In its first pronouncement on “investigative receiverships,” the Ontario Court of Appeal sounded a cautionary note about the informality of procedural and substantive practices on Toronto’s celebrated Commercial List by reminding receivers that they have to play by the substantive and procedural rules even when they suspect that something is wrong somewhere.
“The appointment of a receiver in a civil proceeding is not tantamount to a criminal investigation or a public inquiry,” wrote Justice Robert Blair. “Regrettably, those responsible for obtaining the appointment in this case thought that it was. As a result, the receivership proceeded on an entirely misguided course.”
Akagi v. Synergy Group arose after Trent Akagi contributed funds to a tax program promoted by Synergy Group. The program did not produce the expected tax loss. Akagi sued Synergy for fraud and obtained default judgment for about $137,000.

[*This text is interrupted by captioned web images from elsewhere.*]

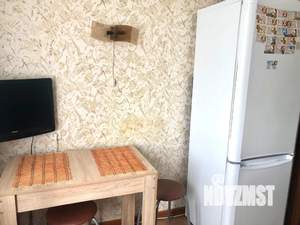 1-к квартира, посуточно, 40м2, 4/9 этаж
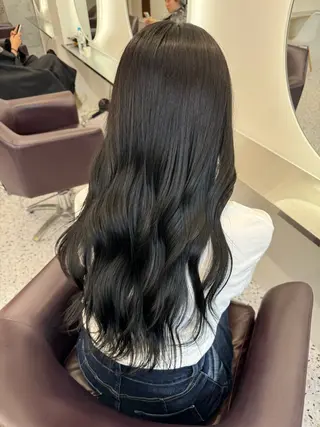 ロング カラー ベージュ透明感カラー 💟AYUMI💟のヘアスタイル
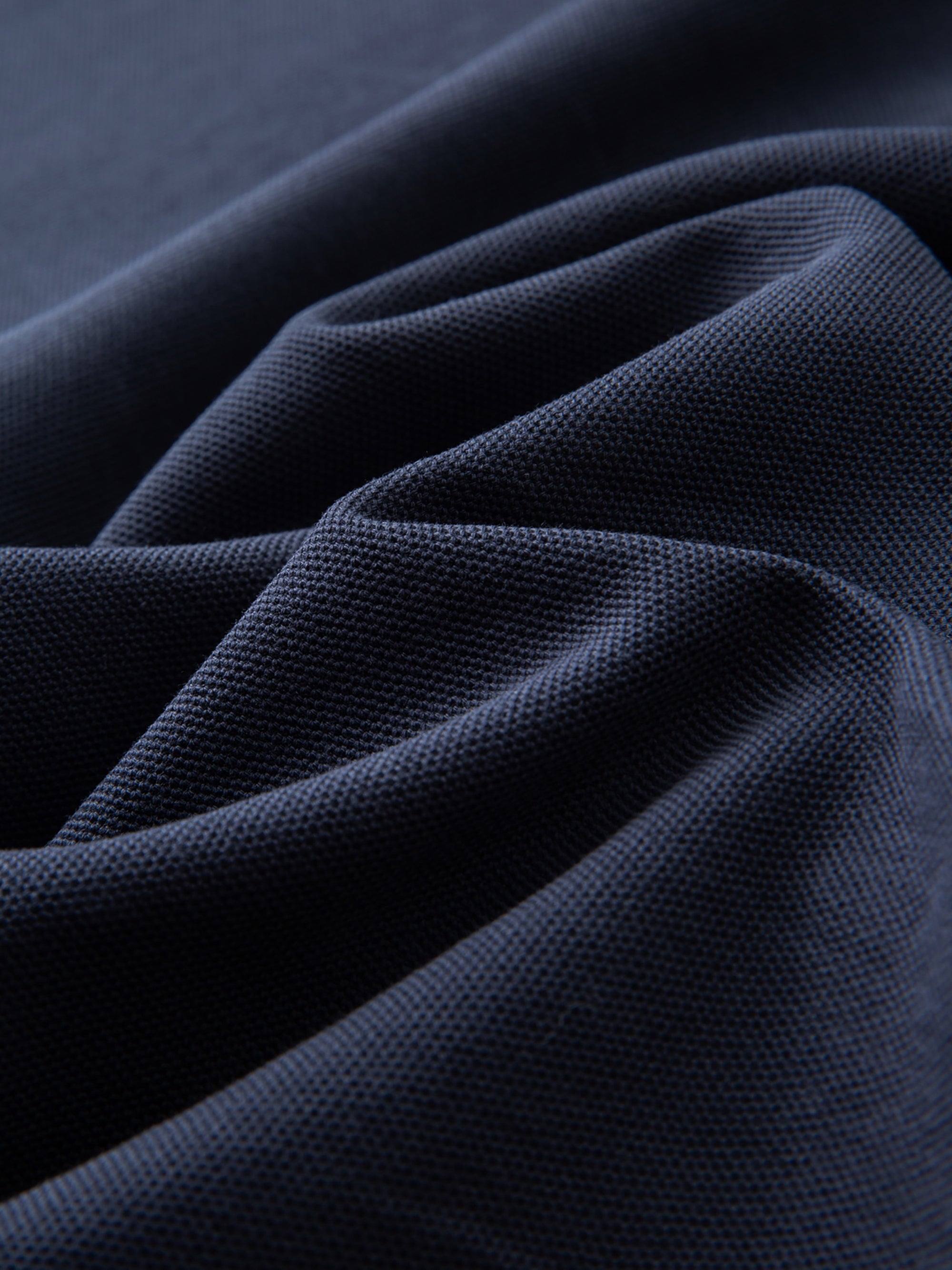 Signature T-Shirt • 240 GSM (7.1 oz)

In June 2013, Akagi obtained an ex parte order from Commercial List Justice Colin Campbell. The order appointed a receiver over all Synergy’s assets. The main evidence in support was a three-page affidavit from Akagi and three affidavits from the Canada Revenue Agency (CRA). The CRA affidavits indicated that there may have been as many as 3,800 investors who were defrauded. What it did not reveal was that the CRA terminated its investigation in February 2013, some four months before Akagi’s ex parte application.

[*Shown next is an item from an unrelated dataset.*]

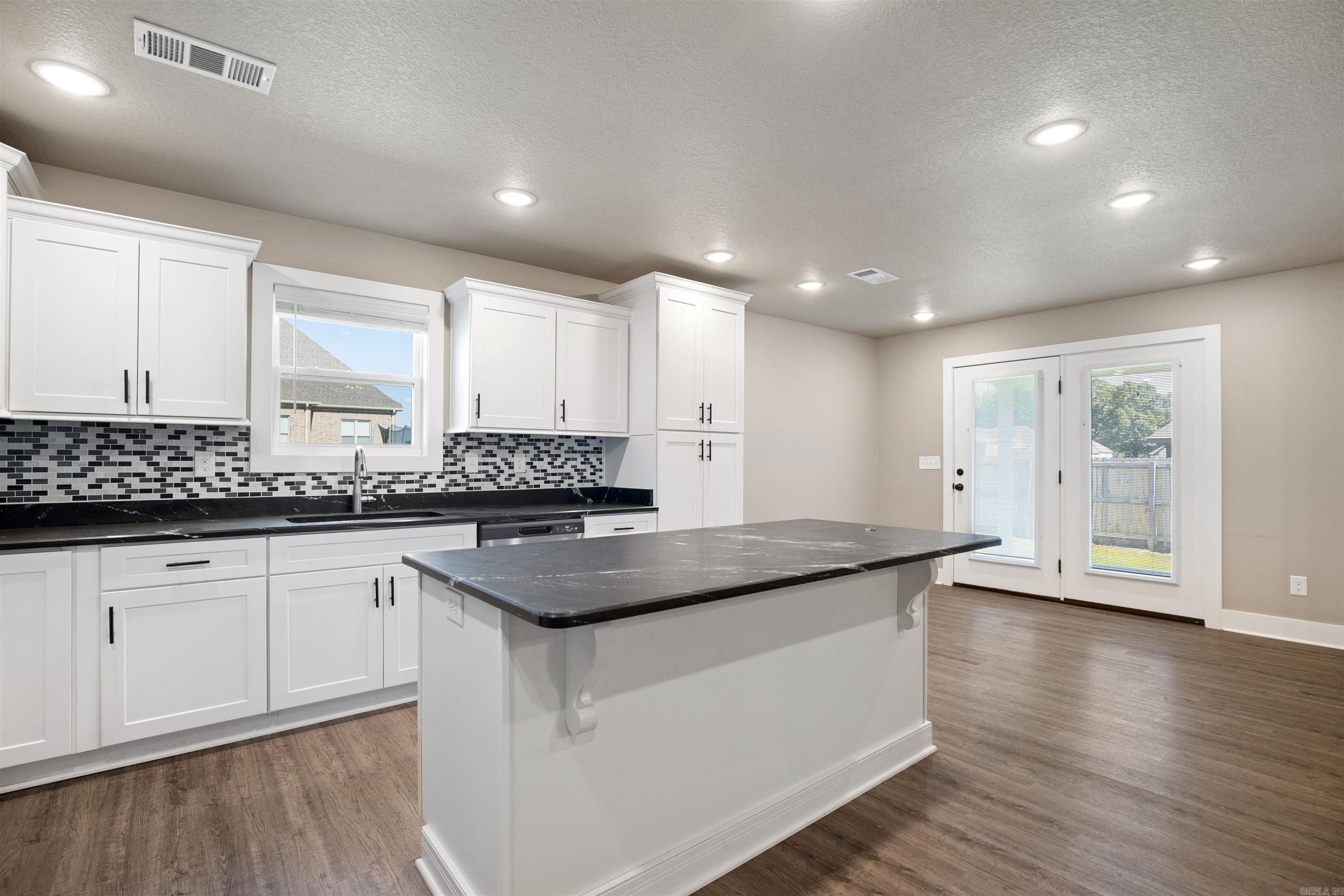 WHISPERING HILLS - Residential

Between June and September 2013, Akagi brought four further ex parte applications which, according to Blair, “morphed into a wide-ranging ‘investigative receivership,’” which affected the assets of 43 other individuals and entities. “None of the additional targets was a party to the receivership proceeding, only three had any connection to the underlying Akagi action, and only two were actually judgment debtors,” Blair noted.
In September 2013, those affected by the orders brought a motion to set aside the receivership orders, but their applications were dismissed. On appeal, however, the OCA set aside the orders.

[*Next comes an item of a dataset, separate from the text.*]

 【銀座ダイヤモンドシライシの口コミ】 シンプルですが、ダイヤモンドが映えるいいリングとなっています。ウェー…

All the receivership orders, Blair observed, were obtained under s. 101 of the Courts of Justice Act, which gives the court broad powers to make such orders where it was “just or convenient to do so.” Despite the expansive wording of s. 101, however, the orders had gone too far in this case. Appointing a receiver to investigate the affairs of a debtor was an “extraordinary and intrusive remedy” to be granted only after carefully balancing the interest of all those affected.
Here, Agaki was simply an unsecured judgment creditor: his applications were not an instance of a secured creditor seeking an appointment under security it held, did not involve the appointment of a receiver under insolvency or securities legislation, and were neither representative or class actions. “In the case of a receivership in aid of execution, at least, the appointment requires evidence that the creditor’s right to recovery is in serious jeopardy,” the court noted.
As Blair saw it, the case would have been less likely to go astray had it not proceeded on an ex parte basis and had it not featured a “somewhat relaxed” procedural approach. Ex parte proceedings were to be taken sparingly and even then only on full disclosure and where notice would undermine the purpose of the exercise. At best, the steps here “sailed very close to this line”: a proper record was lacking as the Receiver had failed to file a notice of motion, a motion record, or lay a proper evidentiary foundation; adequate judicial reasons for the orders were not given; and the decision not to disclose the termination of the CRA investigation bordered on “failing to make full and fair disclosure.”
Although the judgment against Synergy was based on fraud, that was in itself insufficient to support the orders. As a judgment creditor, Akagi was required to show that a receivership order freezing and otherwise interfering with the assets of the debtors and others was needed to protect his ability to recover on the debt.
Akagi, however, had made no effort to collect on his judgment in any way but to apply for the appointment of a receiver, nor was there other evidence of urgency or any reason to believe that notice would prompt the respondents to frustrate the legal process or undermine prospects of recovery. There was also no evidence that Synergy or others affected had insufficient assets to satisfy the judgment.
The upshot was that both the procedures leading up to the orders and the scope of the orders themselves were flawed, based on the “faulty premise that the Receiver could be appointed in these circumstances to carry out a broad, stand-alone, investigative inquiry—the civil equivalent of a criminal investigation or public inquiry—for the purposes of determining whether wrongs were suffered by an unidentified hodgepodge of non-party persons who were not represented by anyone in the proceedings, who had expressed no interest in becoming parties or in having their rights protected in the proceedings, and whose interests did not need to be protected to preserve the interests of the appointing creditor.”